Which brings me back to the topic of the day “competition”. I guess I view competition as perhaps the most odious form of Subject-Object intercourse. There has always got to be a looser. Nobody really believes the old adage “it not’s whether you win or loose but how you play the game’. Ask any Broncos fan.

Let me share with you an anecdote from my professional life in which I have strived, again not always successfully, to relate in a subject-subject manner. Unfortunately the doctor-patient and very much so even the nurse-patient relationship is one that is in our culture inherently subject-object. One small way I would try to counteract this imbalance was to never have the clients I was seeing be sitting on the exam table when I came in but rather in the chair next to the table so we could more easily relate eye-to-eye. Putting someone on an exam table and especially putting them there half naked, and perhaps leaving them for 20 minutes before you show up is a power move, a not so subtle game of domination and submission.

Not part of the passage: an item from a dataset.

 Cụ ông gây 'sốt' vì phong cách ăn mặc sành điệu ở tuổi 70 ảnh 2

This is even more daunting to do these days since many exam rooms have a computer screen on the table and the exam table behind that. Kaiser though I admit has addressed that somewhat and has moveable computer stations that do allow for more face-to-face contact, which is if you can get the provider to look at you and not the screen.

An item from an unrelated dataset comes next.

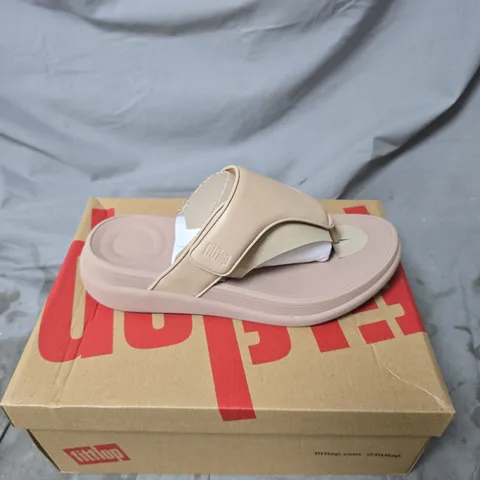 FITFLOP WOMENβS SANDALS β BEIGE/NUDE, UK 6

Let me close with a quote from my favorite nursing theorist, Margaret Newman, who was all about subject-subject relating when it came to the “nurse-client” relationship: “ The joy of nursing lies in being fully present with clients in the disorganization and uncertainty of their lives – an unconditional acceptance of the unpredictable, paradoxical nature of life.” I have no idea if she was a lesbian or not but I will apply my universal rule to her also and assume everyone is queer until I know otherwise. Certainly her strong nods to subject-subject consciousness and her noncompetitive approach to the nurse-client relationship give her a head start in the area.

March 2014

About the Author

I was born in La Porte, Indiana in 1949, raised on a farm and schooled by Holy Cross nuns. The bulk of my adult life, some 40 plus years, was spent in Denver, Colorado as a nurse, gardener and gay/AIDS activist. I have currently returned to Denver after an extended sabbatical in San Francisco, California.